おバカグループは、元軍人含む運営グループと本当の殺し合いになってしまう!

という感じ。

ゾンビが出てくる!とかないです。

10年くらい前に流行した「バチェラーパーティで酔いすぎて記憶失って二日酔いで、なんだかよくわからないけれど花婿が消えたから探しに行こう」系の映画に、申し訳程度にゾンビ要素を足した感じ。

 

結婚を控えたサム、その義父のジェラルドを中心に、サムの友達のマイルズ(チャラい弁護士)、息子大好きなトビー、アーミーオタクでちょっとおかしいエリックが主要メンバーという感じ。

そこに、アホでドラッグ中毒だけど気のいいチーズ、自分はサムの親友だと信じ込んでいるアル、サムの妹の彼氏(って言われてたけど結婚しているっぽいから旦那か?)でクールなブランドンが加わります。

キャラクターの見た目がわかりやすくバラバラなのが助かります。それぞれのキャラをしっかり外見でもわからせてくれるのはもちろん、サムが臆病でウジウジしがちな情けない男(ただ、わりと態度はデカい)っていうのも演技でよく表現されています。

 

ストーリーは前半少し停滞している印象がありますが、後半になるとのめり込むようにみてしまった。

噛みあわなさそうなジェラルドとチーズがすぐに意気投合するのはなんだか微笑ましいし、ずーっとアホな会話ばかりしてる主人公たちもバカらしくてよろしい。『ショーン・オブ・ザ・デッド』を思わせる。

サムは襲ってきたスタッフから身を守ろうとして木の枝で貫いてしまい、現実とゾンビ設定を混同しているエリックが「ゾンビだから殺さなきゃ」という理由でスタッフの後頭部を射撃。

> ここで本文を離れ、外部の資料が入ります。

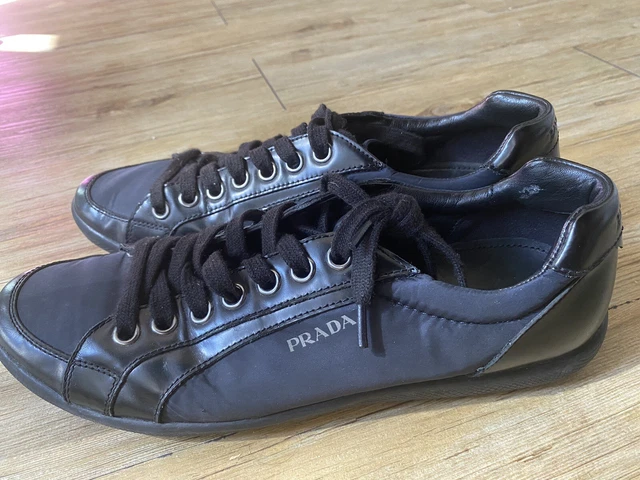 Prada 4E1835 Chaussures Basket Homme Noir En Excellente État Taille 7 Uk - 42 Fr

隠蔽しようとするが、やっぱりエリックのせいで運営側にそれがバレてしまう。

さらに、サバゲーのフィールド内にある民家に住んでいた(この時点で運営の杜撰さがわかる)おじいを殺してしまい、スタッフもさらに殺してしまい、それもバレ…(自殺に見せかけて車を池につっこませたが、浅くて沈まなかった)

ごりごりに武装した運営スタッフ VS よくわからないがやる気満々の主人公グループ の戦いが始まる!

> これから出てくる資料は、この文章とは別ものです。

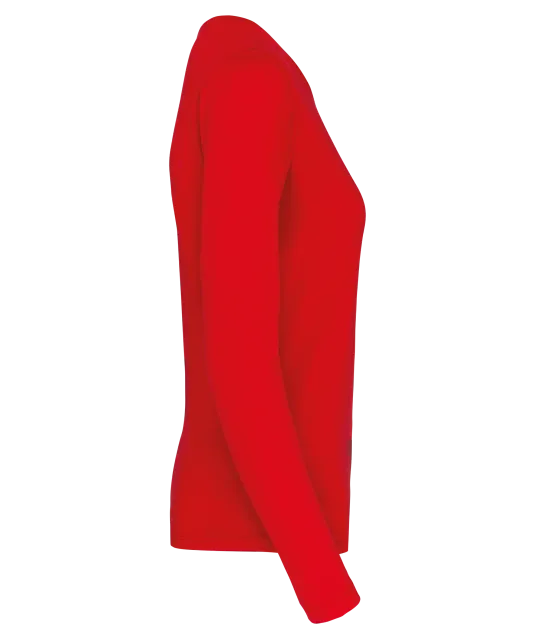 K383 - Dames T-shirt ronde hals lange mouwen Red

ゾンビ映画のセオリーを踏襲しながら(ゾンビメイクした運営スタッフに追われて狭い部屋に逃げ込む主人公たち、でも敵はドアの隙間から顔だけ出して攻撃してくる… みたいな展開)、「俺は噛まれたからもうだめだ!」と死を選ぶアルの姿も(※相手はメイクをしているだけで普通の人間です)非常にバカバカしい。

唯一サムを見下しているブランドンは仲間を裏切ろうとして死亡(この特殊メイクが非常にクオリティが高く、映画としての潜在能力の高さもうかがえる)。

あとは全員ボロボロになりつつも運営スタッフをやっつけて、ジ・エンド。

義父に嫌われていることを悩んでいたサムも「結婚の許しを得ていない」という理由を聞き出し、改めて許諾を得ます。

ハッピーエンドなんだけどどことなく渋い終わり方(全員で並んでタバコを吸って終わり。もしかしたらドラッグかもしれんが)なのも好き。

展開がバカだなぁ~というところもたくさんあるのですが(身を隠すために全員で同じ棚に入ろうとするとか)、会話自体もバカクオリティが高いのもポイント高いのよ。息子の話ばっかりするトビーに「息子の話禁止!」となったら「じゃあ…何話そうか」「何話していいかわかんねぇな」と急に全員がモジモジと手探りになり、結果「女の話しかねーな!」となるのもいいですね。

途中でバチェラーパーティらしくストリッパーが出てくるのですが、ほんっとうにしょぼいストリッパーのしょっぱいショーが見られるのもおすすめです。